Dear Rev. SamForay, Karmoh AKB and Demia Toegondoe.:
I thank you all for the sentiments you have expressed about the tragedy involving Kula. It is almost nine years since it occurred. For your information, our extended family has been coping and finding ways to outgrow the grief.
One way we did not want to do that was to allow anyone to harvest political hay from the situation. In a civilian administration, even during the whirlwind Stevo-Momoh period, the signing of death warrants is a collective cabinet-level decision. In 1998, Attorney-General Solomon Berewa, Internal Affairs Minister Charles Margai and Deputy Defense Minister Hinga Norman were all senior members of the Kabba administration. The opposition APC did not register any protest either. That is all I am going to say about that.
Kula somehow found herself serving, for many months, in a military junta that had overthrown a legitimately elected civilian government. The junta's members were all military officers and their civilian commander-in-chief ordered them to give it up. Those who obeyed were later pardoned and returned to their posts. Those who didn't were punished according to the provisions of the constitution.
Like many of her co-defendants, Kula agreed at the court-martial that she really shouldn’t have been a member of the AFRC. It was a very bad judgment, one that we who are her family have never tried to soften. We know that many Sierra Leoneans have been executed before that time for merely happening to know about a plot to overthrow the government. It is known in our law books as Misprision of Treason, and it needn't require the actual overthrow of the government, as was the case when Johnny-Paul Koroma formed his AFRC junta to replace President Kabba's government.
Rev. SamForay states that Kula "attended Bumpe High Scool and AKB seems to imply rightly or wrongly that her Bumpe roots which she shares with Berewa should have endeared her to the other Bumpe native, Solo B." My response is that had this been done, Karmoh AKB and others would be crowing about it to this day. Besides when Brigadier John Bangura, Dr. MS Fornah, Ibrahim Taqi, Francis Minah and Gabriel KaiKai were condemned to death for treason, Presidents Stevens and Momoh had no consideration for the fact that the men had all been very close political allies, some of whom had played pivotal roles in bringing these presidents to power.

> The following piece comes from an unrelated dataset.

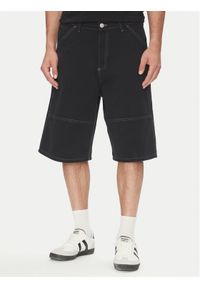 Jack & Jones - Jack&Jones Szorty materiałowe Owen 12278222 Czarny Baggy Fit. Kolor: czarny. Materiał: bawełna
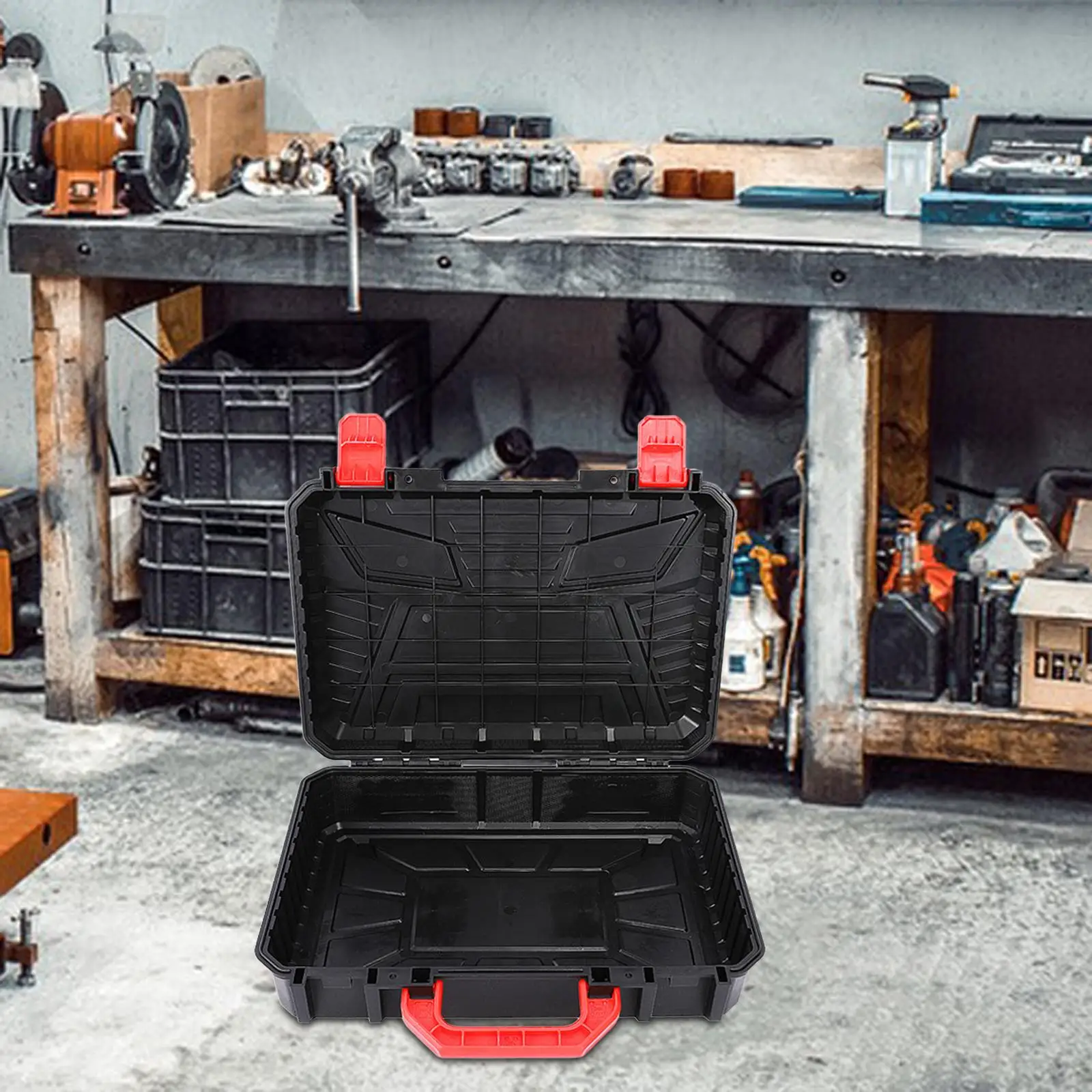 

Ящик для инструментов Черный Пыленепроницаемый Удобный Износостойкий с Многофункциональной ручкой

Toegondoe seems to suggest that I should have severed relationship with the SLPP because of thia matter. My response is that jumping parties every time you disagree with the deision of its leaders is something the Karefa-Smarts and Charles Margais of Sierra Leone are more adept at. Frankly, I am not. I have got my own ways of dealing with disagreements in organizations.
Those who sympathize with the fate of Kula and the other exeuted individuals should focus on campaigning to change the laws that they don't agree with. I happen to believe that our court system works for much of the time. What doesn’t work is the tendency by our governments to criminalize political differences as has occasionally happened over the past three decades; or citizens being detained/jailed for long periods of time without being given access to lawyers; or accused persons tried without the chance of an appeal.
These and other facts prove that we are not as free today as we were during the colonial period or during the early years of our independence. If we are going to have a free country again, our constitution would need to be reformed. At the same time, our judges are going to have to step out and be strong. They must remember where we came from and where we want to go.